- [Task to carry out]:
Write out the whole listing exactly; no images belong in it.

[Supplied information — start]

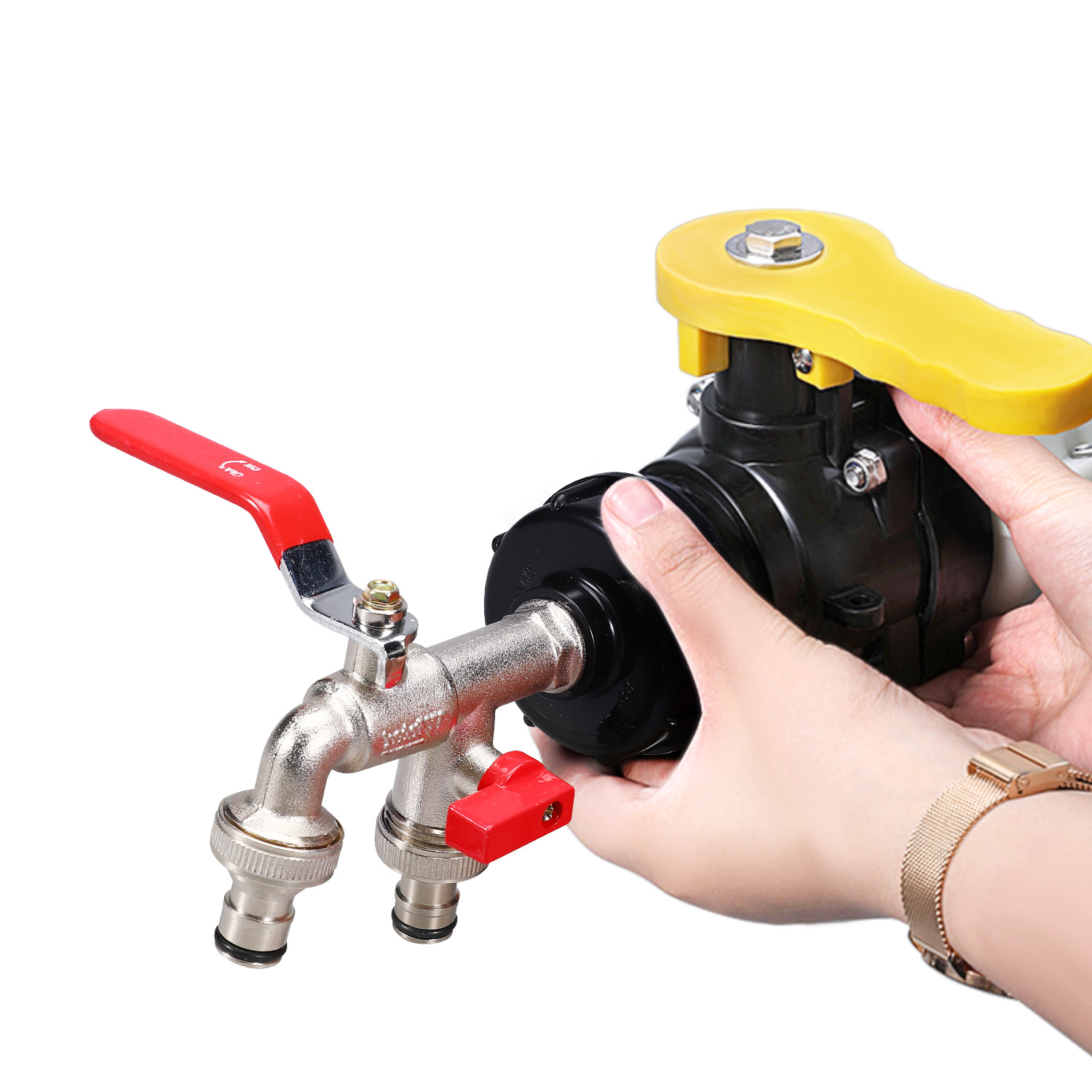 2,44 'Тонкий инструмент из латуниного шлангового шланга с изготовленным плавником.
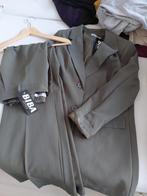 Pantalon pak, Kleding | Dames, Jasjes, Kostuums en Pakken, Ophalen of Verzenden, Nieuw, Maat 38/40 (M), Groen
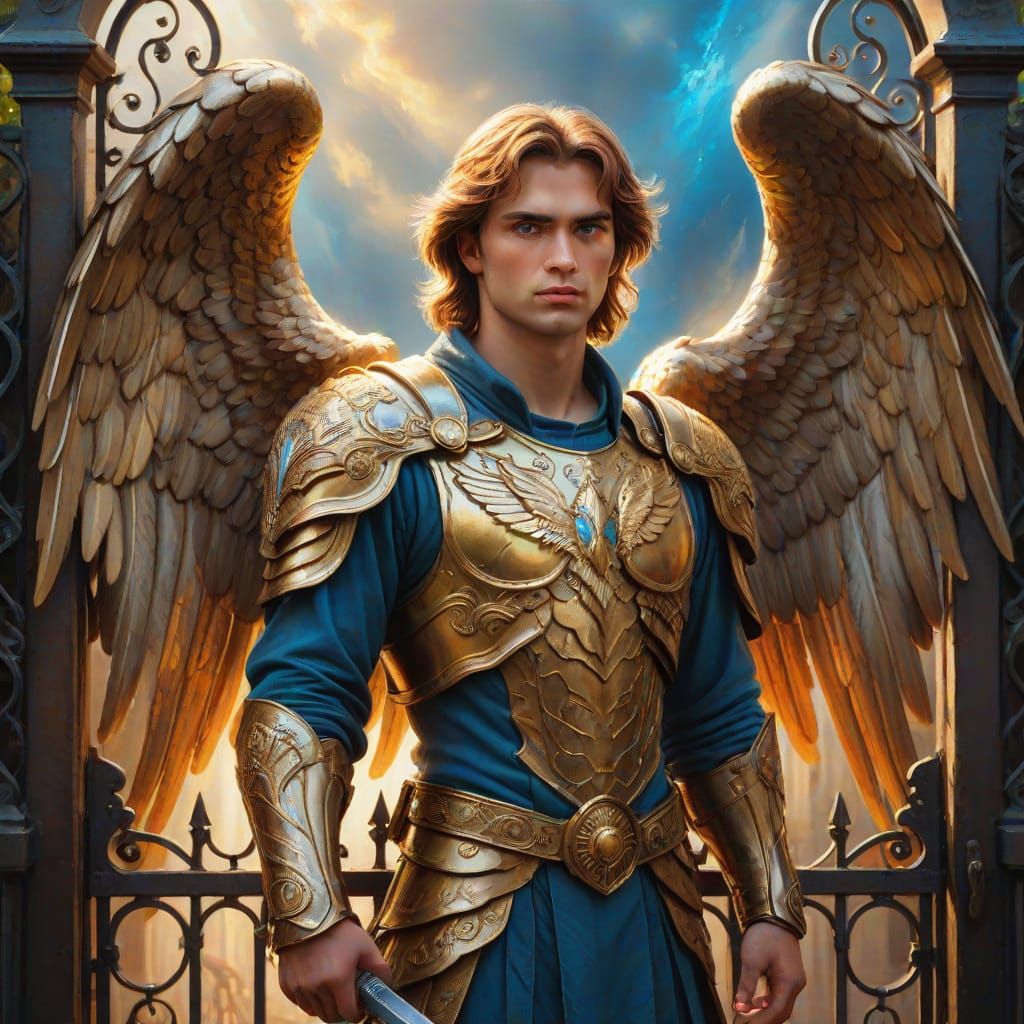 Archangel Uriel: A Hyper-Realistic Digital Portrait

[Supplied information — finish]

- [Solution to the problem]:
 2,44 'Тонкий инструмент из латуниного шлангового шланга с изготовленным плавником.
 Pantalon pak, Kleding | Dames, Jasjes, Kostuums en Pakken, Ophalen of Verzenden, Nieuw, Maat 38/40 (M), Groen
 Archangel Uriel: A Hyper-Realistic Digital Portrait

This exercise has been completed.